TASK GOAL » You are asked to reproduce the listing exactly and to omit its pictures.

SOURCE MATERIAL »
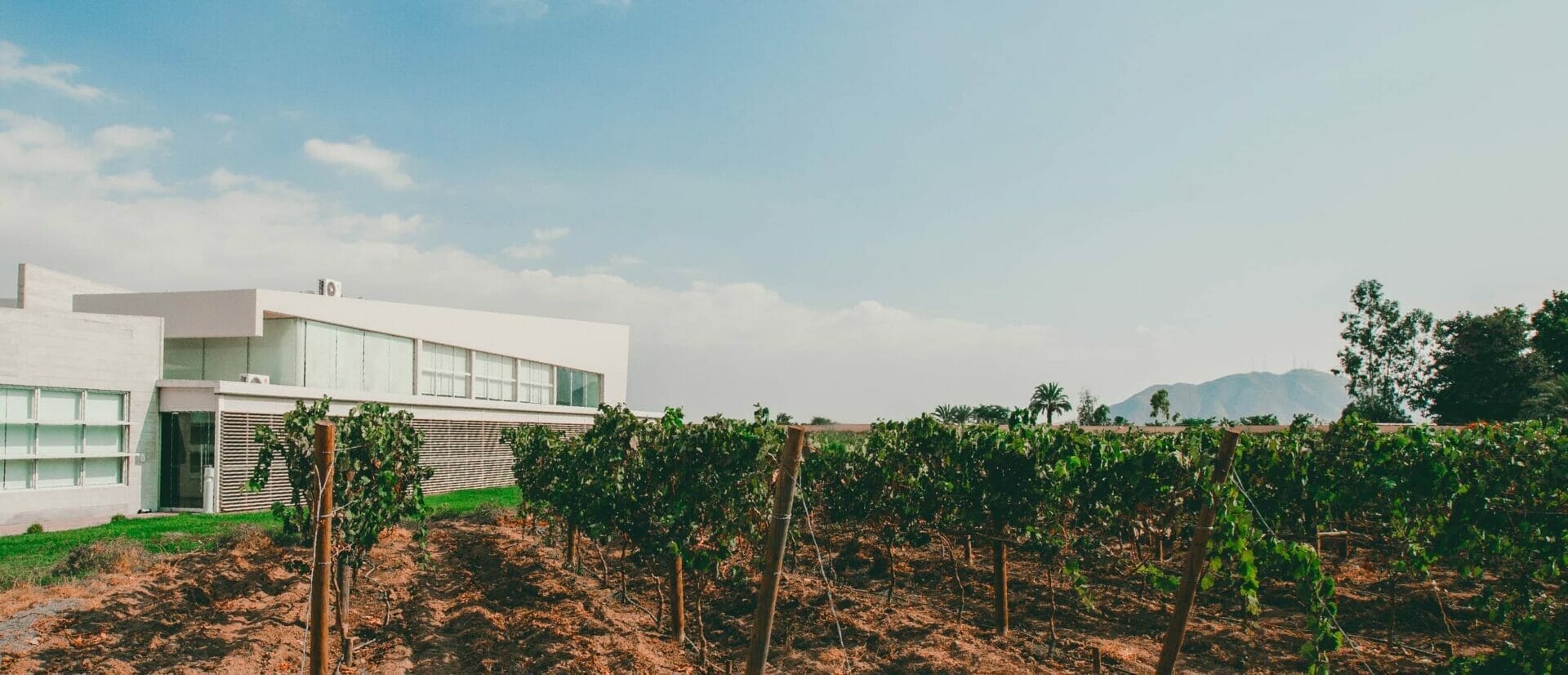 Caravedo pisco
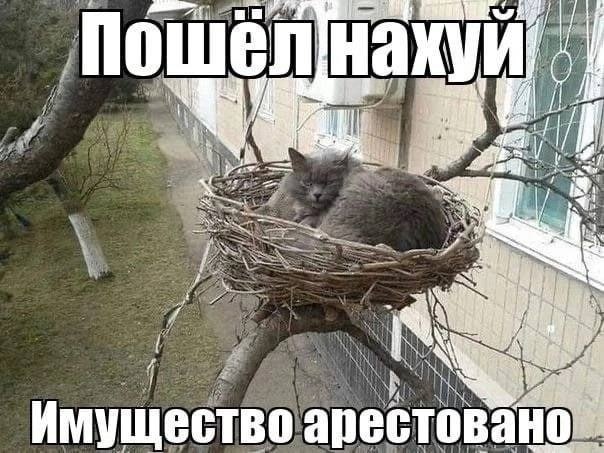 Пошел у Имущество арестовано
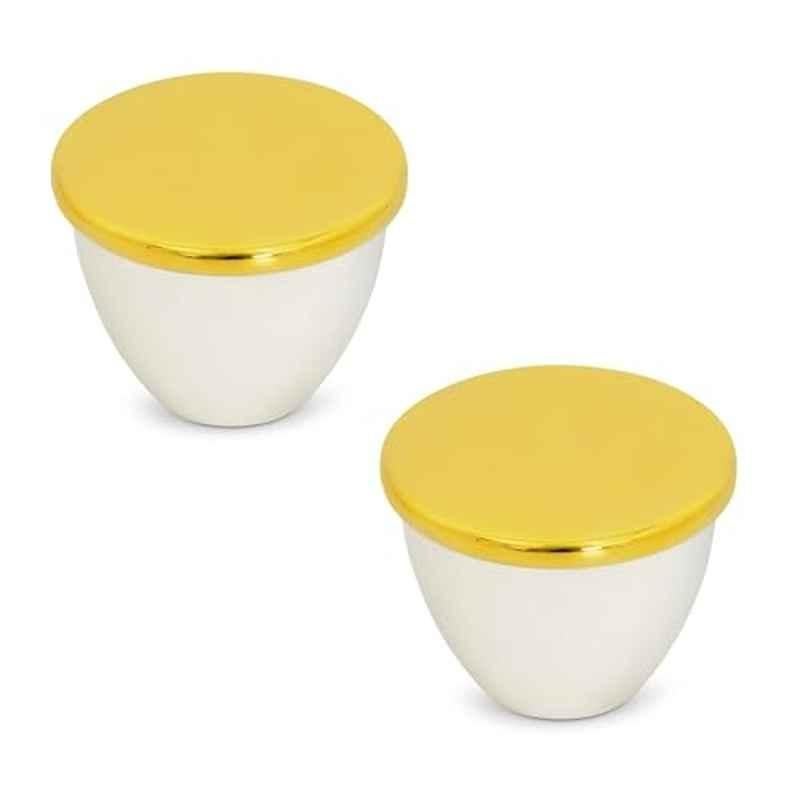 Plantex Knobs for Drawer/Drawer Knobs/Knobs for Cabinets/Pull-Push Knobs for Kitchen/Bedroom Drawer (Pack of 2) Gold & White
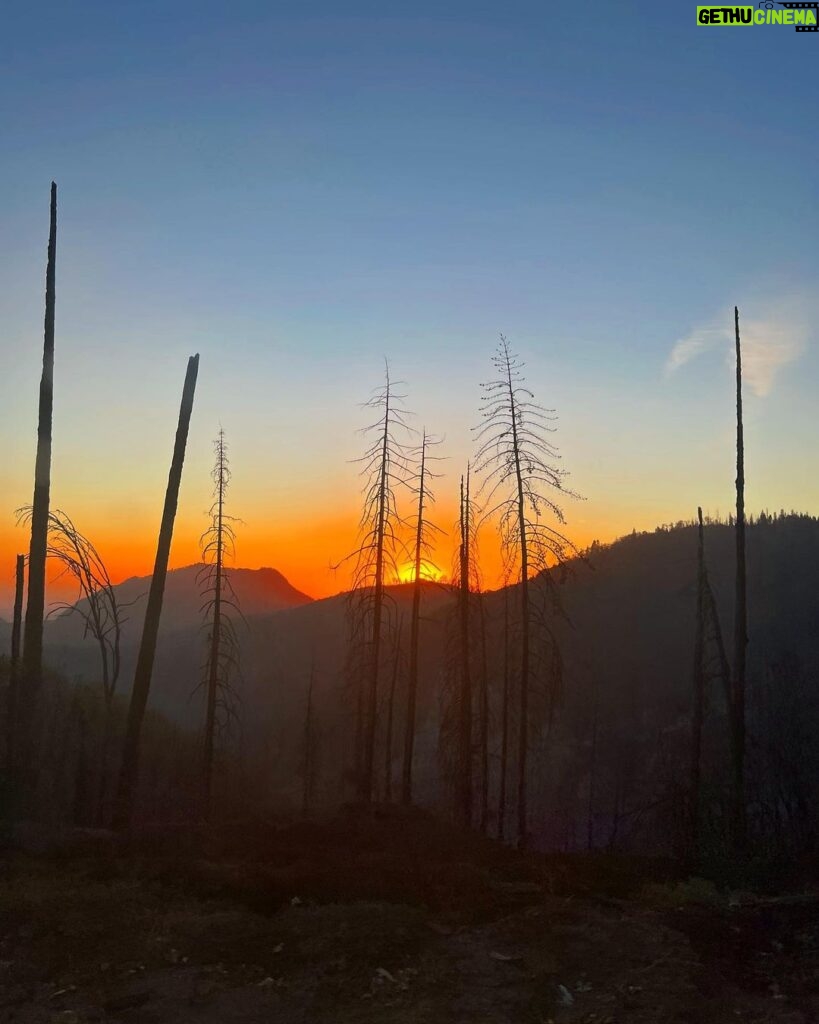 Yvonne Strahovski Instagram - Hey Bear #sequoianationalpark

SOLUTION TO THIS EXERCISE »
 Caravedo pisco
 Пошел у Имущество арестовано
 Plantex Knobs for Drawer/Drawer Knobs/Knobs for Cabinets/Pull-Push Knobs for Kitchen/Bedroom Drawer (Pack of 2) Gold & White
 Yvonne Strahovski Instagram - Hey Bear #sequoianationalpark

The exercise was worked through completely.